* **What to work on**: Retype the listing exactly. Leave out the images.

--- Task inputs Enclosed Below ---

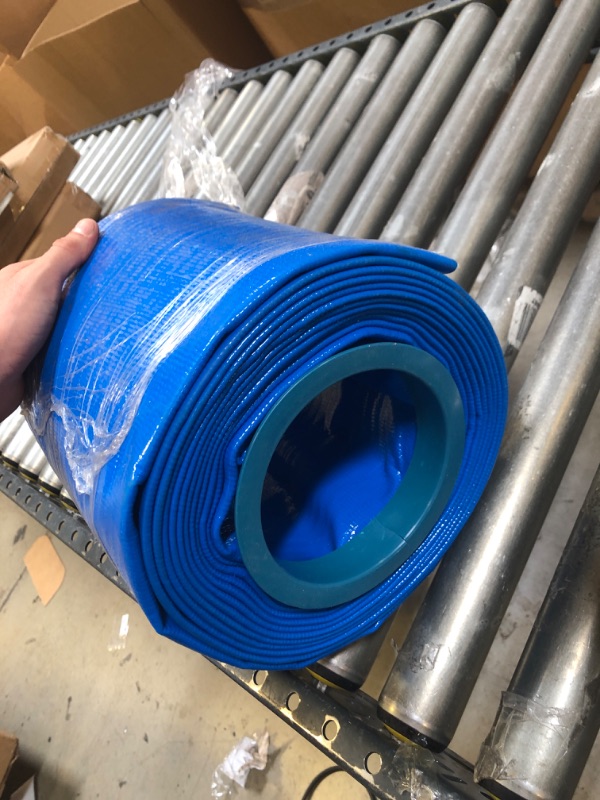 Photo 3 of 2" Dia. x 100 ft HydroMaxx Heavy Duty Lay Flat Discharge and Backwash Hose for Water Transfer Applications. 6 Bar Agricultural Grade Construction.
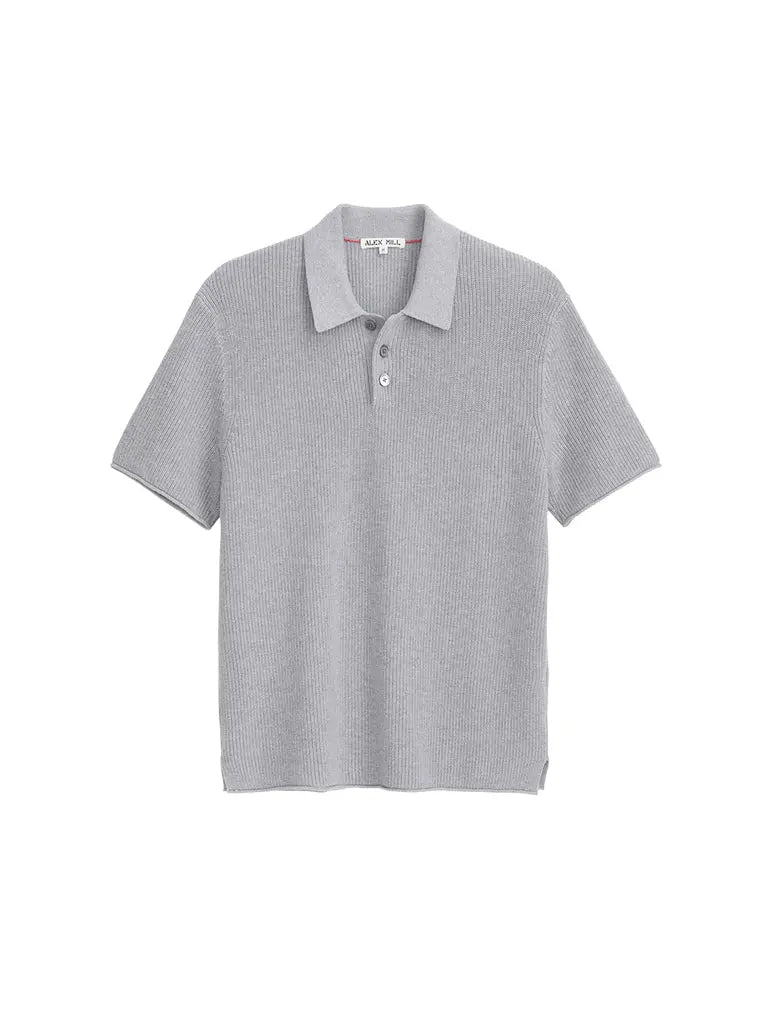 Eastwood Polo- Heather Grey Cotton Linen Polo Alex Mill Shirts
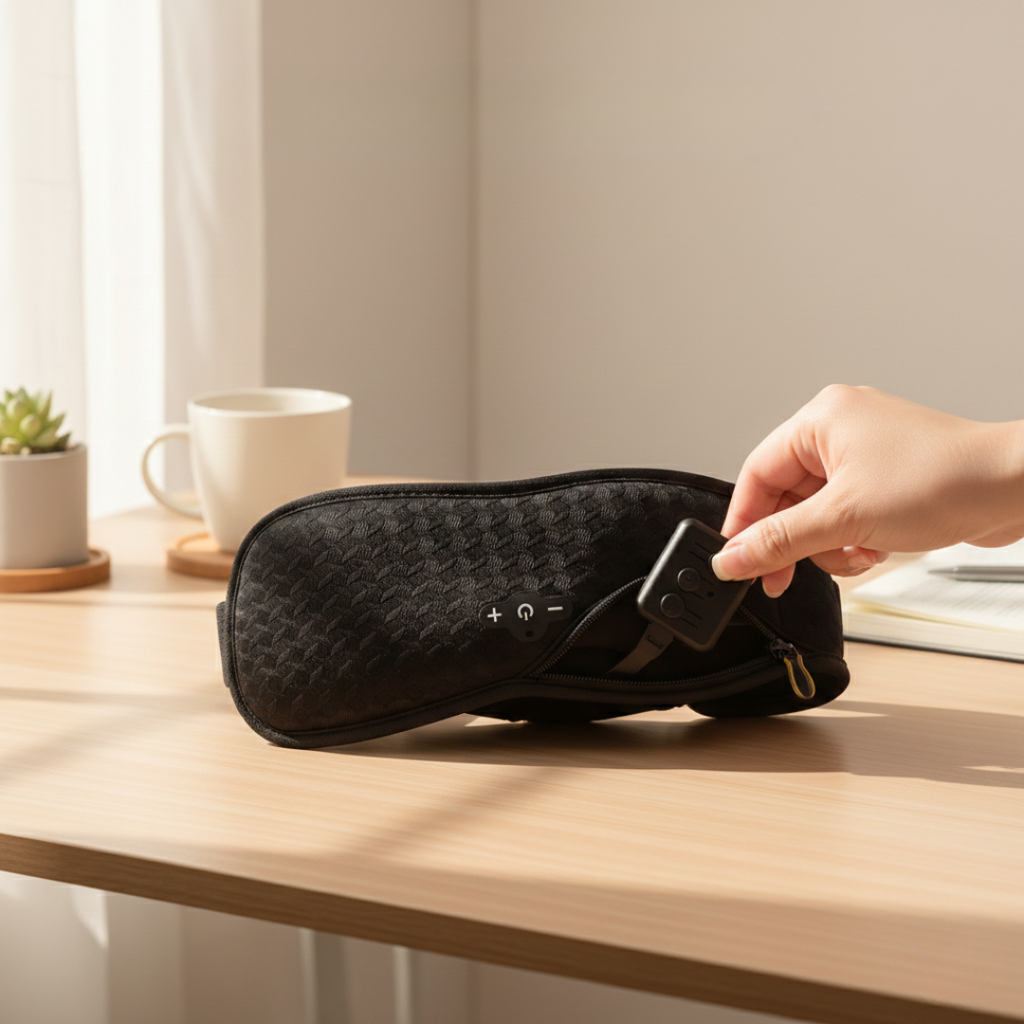 Máscara de Olhos Bluetooth com Áudio 3D — Reprodução sem Fios, Conjunto de Acessórios de Viagem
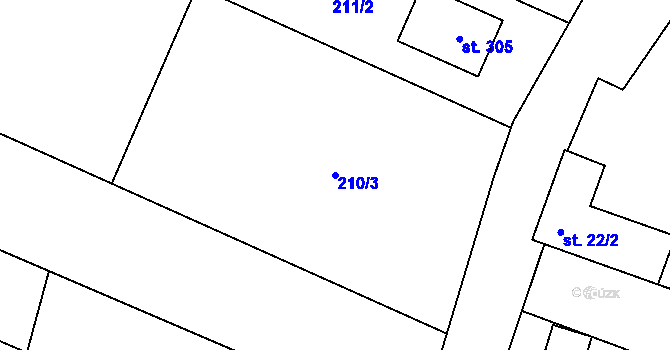 Parcela st. 210/3 v KÚ Libín, Katastrální mapa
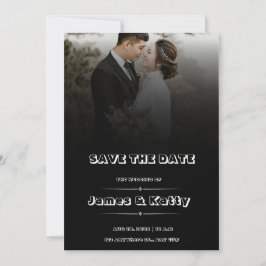 Simples Preto Salve a Data Convite de Casamento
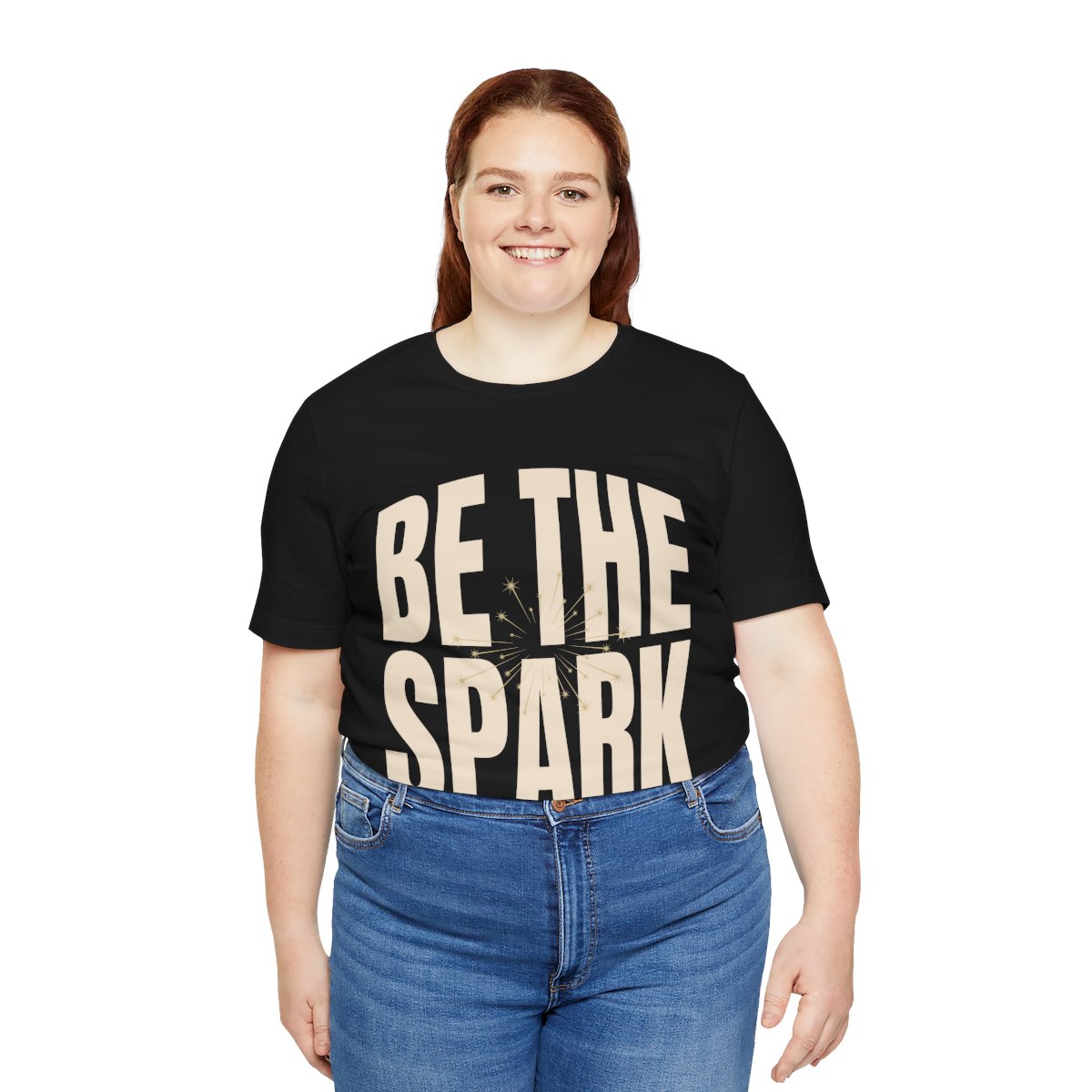Be The Spark Tee in Black, on model
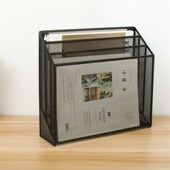多功能文c件收纳架桌面铁艺报刊杂志整理栏壁挂架文具资料置物盒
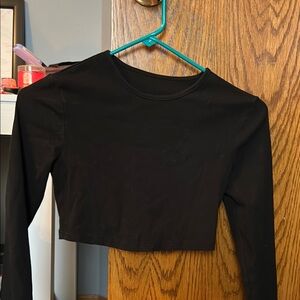 SHEIN Black Long Sleeve Fitted Crop Top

--- End of Enclosed Task inputs ---

* **Response area**:
 Photo 3 of 2" Dia. x 100 ft HydroMaxx Heavy Duty Lay Flat Discharge and Backwash Hose for Water Transfer Applications. 6 Bar Agricultural Grade Construction.
 Eastwood Polo- Heather Grey Cotton Linen Polo Alex Mill Shirts
 Máscara de Olhos Bluetooth com Áudio 3D — Reprodução sem Fios, Conjunto de Acessórios de Viagem
 Parcela st. 210/3 v KÚ Libín, Katastrální mapa
 Simples Preto Salve a Data Convite de Casamento
Be The Spark Tee in Black, on model
多功能文c件收纳架桌面铁艺报刊杂志整理栏壁挂架文具资料置物盒
 SHEIN Black Long Sleeve Fitted Crop Top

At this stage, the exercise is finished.